Pollan’s latest

And a Pollan slapfest

By
June 23, 2010

Michael Pollan may have started out as a gardening writer, but these days he’s best known as the figurehead for the food-reform movement in America. His latest broadside, a multi-book review in the New York Review of Books, rounds up a batch of recent food-reform books and calls for food activists to take reform to the next level. The article also provides a neat summary of the history of recent food-activist journalism:

Beginning in 2001 with the publication of Eric Schlosser’s Fast Food Nation, a surprise best-seller, and, the following year, Marion Nestle’s Food Politics, the food journalism of the last decade has succeeded in making clear and telling connections between the methods of industrial food production, agricultural policy, food-borne illness, childhood obesity, the decline of the family meal as an institution, and, notably, the decline of family income beginning in the 1970s.

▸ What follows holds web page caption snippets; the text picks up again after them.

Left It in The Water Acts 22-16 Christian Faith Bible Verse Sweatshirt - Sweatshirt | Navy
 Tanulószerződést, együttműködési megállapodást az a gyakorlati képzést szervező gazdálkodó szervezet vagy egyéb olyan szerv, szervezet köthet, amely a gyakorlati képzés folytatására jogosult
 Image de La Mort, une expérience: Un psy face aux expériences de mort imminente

Pollan also provides several suggestions for how the food-reform movement — “or perhaps I should say ‘movements,’ since it is unified as yet by little more than the recognition that industrial food production is in need of reform because its social/environmental/public health/animal welfare/gastronomic costs are too high” — can get beyond the frequent accusations levied at it of elitism.

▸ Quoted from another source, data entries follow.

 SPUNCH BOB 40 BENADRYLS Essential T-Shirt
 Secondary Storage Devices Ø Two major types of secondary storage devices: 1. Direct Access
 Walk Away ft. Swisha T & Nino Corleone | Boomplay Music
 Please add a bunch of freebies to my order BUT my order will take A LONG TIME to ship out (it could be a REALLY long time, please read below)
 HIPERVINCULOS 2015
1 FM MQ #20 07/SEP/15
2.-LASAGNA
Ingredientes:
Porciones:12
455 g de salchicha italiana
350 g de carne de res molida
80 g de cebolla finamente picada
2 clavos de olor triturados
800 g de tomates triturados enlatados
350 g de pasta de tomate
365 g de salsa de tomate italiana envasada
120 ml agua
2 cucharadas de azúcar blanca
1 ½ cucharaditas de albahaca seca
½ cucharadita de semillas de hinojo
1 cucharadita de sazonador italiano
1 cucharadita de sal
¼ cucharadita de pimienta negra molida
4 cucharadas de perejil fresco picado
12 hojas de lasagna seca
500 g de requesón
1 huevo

Unfortunately, as Janani Balasubramanian’s recent anti-Pollan diatribe on the blog Racialicious indicated, elitism (and racism, and sexism, and much else, according to Balasubramanian) is still a problem for the movement:

The food-reform movement is predicated on rather shaky foundations with regards to how it deals with race and other issues of identity, with its focus on a largely white and privileged American dream.

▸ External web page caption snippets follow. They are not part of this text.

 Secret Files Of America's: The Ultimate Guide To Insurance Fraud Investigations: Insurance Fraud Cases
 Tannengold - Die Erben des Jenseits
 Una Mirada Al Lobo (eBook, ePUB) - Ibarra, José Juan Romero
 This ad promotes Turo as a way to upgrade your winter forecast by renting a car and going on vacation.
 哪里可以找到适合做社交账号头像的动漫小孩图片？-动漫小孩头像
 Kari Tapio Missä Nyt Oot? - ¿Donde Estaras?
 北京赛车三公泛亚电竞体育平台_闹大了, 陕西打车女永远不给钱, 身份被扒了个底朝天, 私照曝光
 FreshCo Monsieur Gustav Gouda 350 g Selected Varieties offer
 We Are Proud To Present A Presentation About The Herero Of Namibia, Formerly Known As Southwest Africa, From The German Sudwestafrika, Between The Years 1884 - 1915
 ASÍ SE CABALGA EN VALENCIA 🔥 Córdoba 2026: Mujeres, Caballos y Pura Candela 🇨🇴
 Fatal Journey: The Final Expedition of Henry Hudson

Writing on Salon recently, Anna Clark also upbraided Pollan for his lack of feminist sympathy:

If we’re going to talk about who’s to blame for our current culture of processed food, why not blame untold generations of men for not getting into the kitchen, especially given Pollan’s characterization of the family meal as having a meaningful role in cultivating democracy? If it’s so important, why is their absence excusable?

Clark, along with Jezebel’s Sadie Stein, also brought up Pollan’s controversial New York Times article last summer, which exhorted Americans to get back into the kitchen. But as Stein noted, blaming sexism may be little more than a distraction:

To lump “second-wave feminism” in with the scourge of fast-food and obesity seems not just wrong-headed but serves to distract attention from the actual root causes of these serious issues.

And, as Pollan noted in his books review, the gender-politics picture is always more subtle and complicated than we might assume:

Besides drawing women into the work force, falling wages [in the 1970s] made fast food both cheap to produce and a welcome, if not indispensable, option for pinched and harried families. The picture of the food economy Schlosser painted resembles an upside-down version of the social compact sometimes referred to as “Fordism”: instead of paying workers well enough to allow them to buy things like cars, as Henry Ford proposed to do, companies like Wal-Mart and McDonald’s pay their workers so poorly that they can afford only the cheap, low-quality food these companies sell, creating a kind of nonvirtuous circle driving down both wages and the quality of food. The advent of fast food (and cheap food in general) has, in effect, subsidized the decline of family incomes in America.